PHILADELPHIA WARWICK Co. et al.



The opinion of the court was delivered by: KALODNER

Plaintiffs, Jennie Guettel and J. C. Kreuger, each own a $ 250 debenture bond and six shares of stock of the Philadelphia Warwick Company, which owns and operates a hotel-apartment house in the City of Philadelphia. The intervening plaintiff, Philip K. Herr owns $ 4500 of the debentures of the Philadelphia Warwick Company and 108 shares of its stock. There is presently outstanding a total of $ 1,967,850 of the debentures and 47,691 shares of its stock. It may be stated parenthetically there were 24 shares of stock issued for each $ 1000 of debentures.
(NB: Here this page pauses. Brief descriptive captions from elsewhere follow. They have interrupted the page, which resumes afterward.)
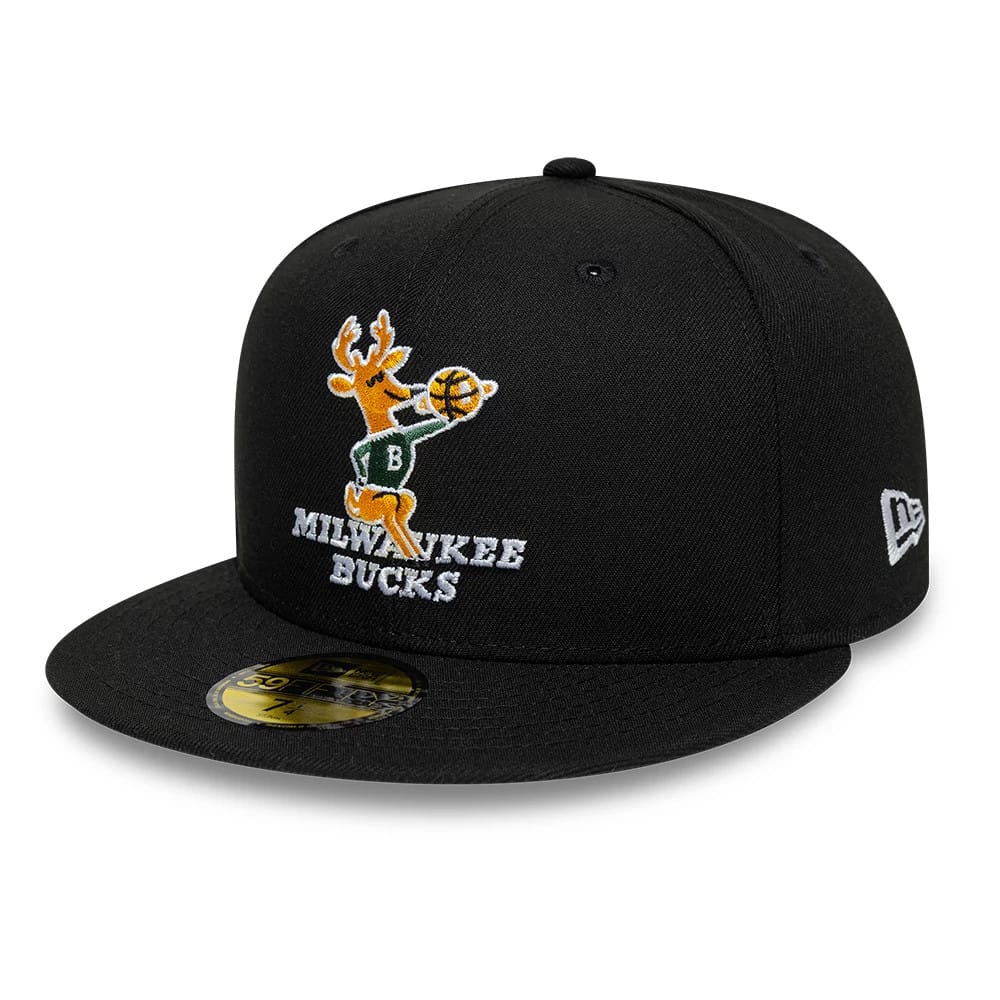 Milwaukee Bucks NBA Hardwood Classic Black 59FIFTY Fitted Cap-kentox
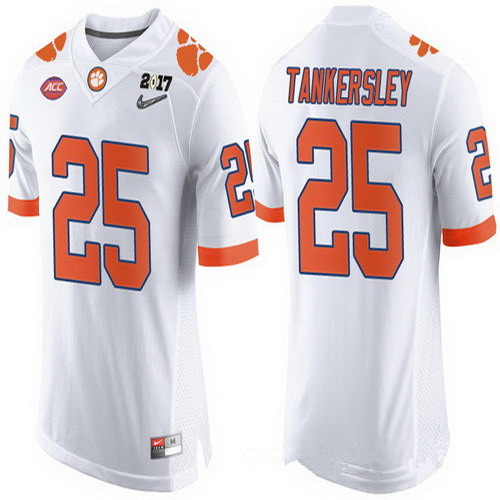 Personalized Men’s Clemson Tigers #25 Cordrea Tankersley White 2017 Championship Game Patch Stitched CFP Limited Jersey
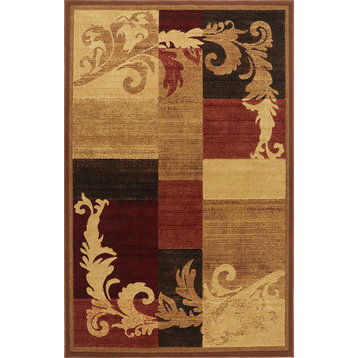 Home Dynamix Catalina Pierre Area Rug 19.6"x31.5", Decorative Brown/Red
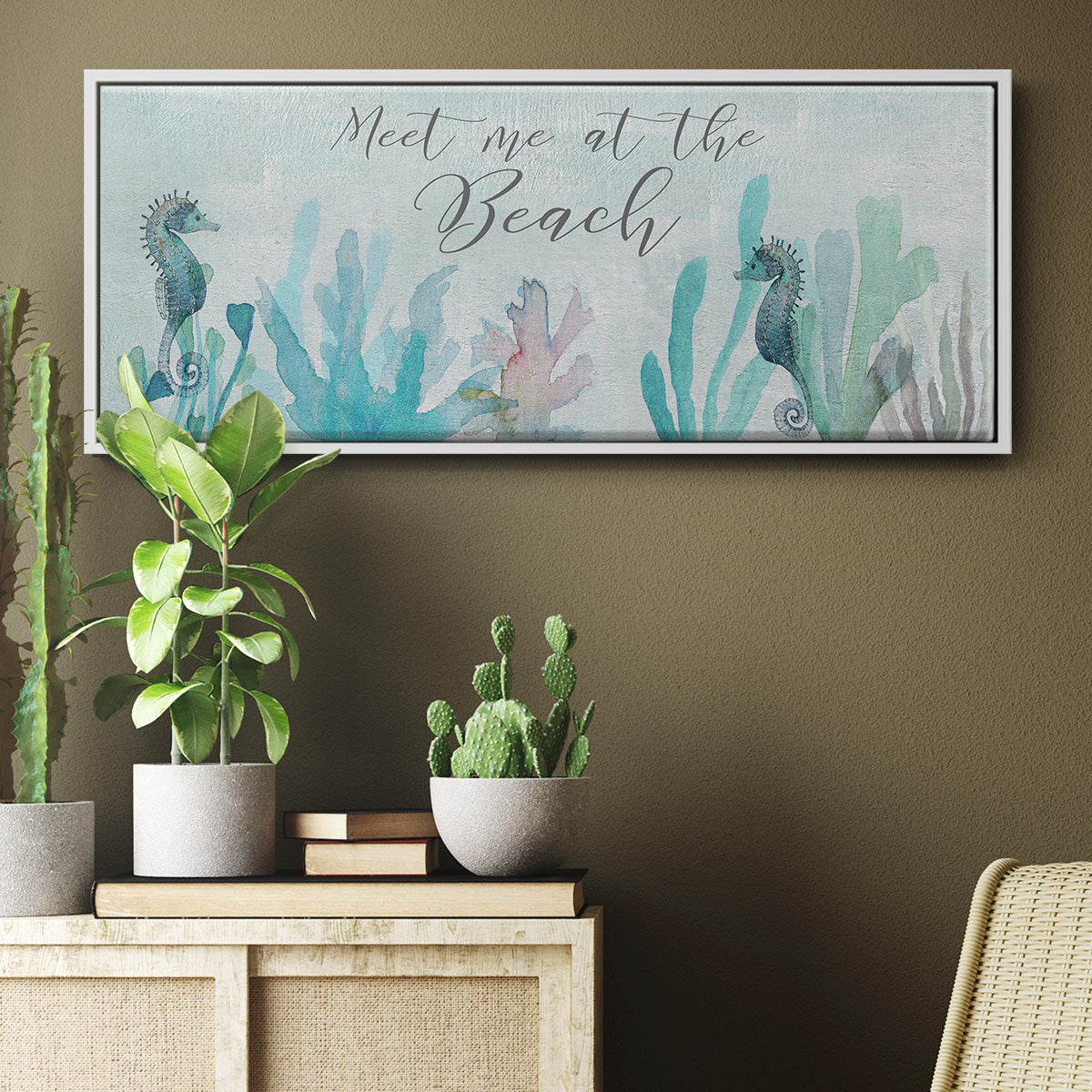 Seahorses and Coral - Floater Framed Canvas Print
Plaintiffs, Guettel and Kreuger, filed a complaint on July 3, 1945 seeking a temporary injunction restraining the Corporation and Watkins and Wilson, two of its officers and principal security holders, as well as the Tradesmens National Bank and Trust Company, indenture trustee, from taking any steps to carry out a plan to modify the terms and conditions of the indenture and from consummating a proposed $ 1,400,000 mortgage on the hotel property. The complaint asked further equitable relief as will subsequently appear. At the hearing July 30, 1945, the plaintiffs withdrew their prayer for a temporary injunction, and it was agreed by the parties that the matter should be treated as upon final hearing. After the plaintiffs presented their testimony, the defendants moved to dismiss on the ground that a cause of action had not been established.

 Upon consideration of the pleadings, testimony, and the arguments of counsel, I make the following findings of fact:

 1. The plaintiffs, Jennie Guettel and J. C. Kreuger, are holders of debentures in the principal amount of $ 250 each and voting trust certificates for six shares of common stock each of the defendant, Philadelphia Warwick Company, hereinafter called the company.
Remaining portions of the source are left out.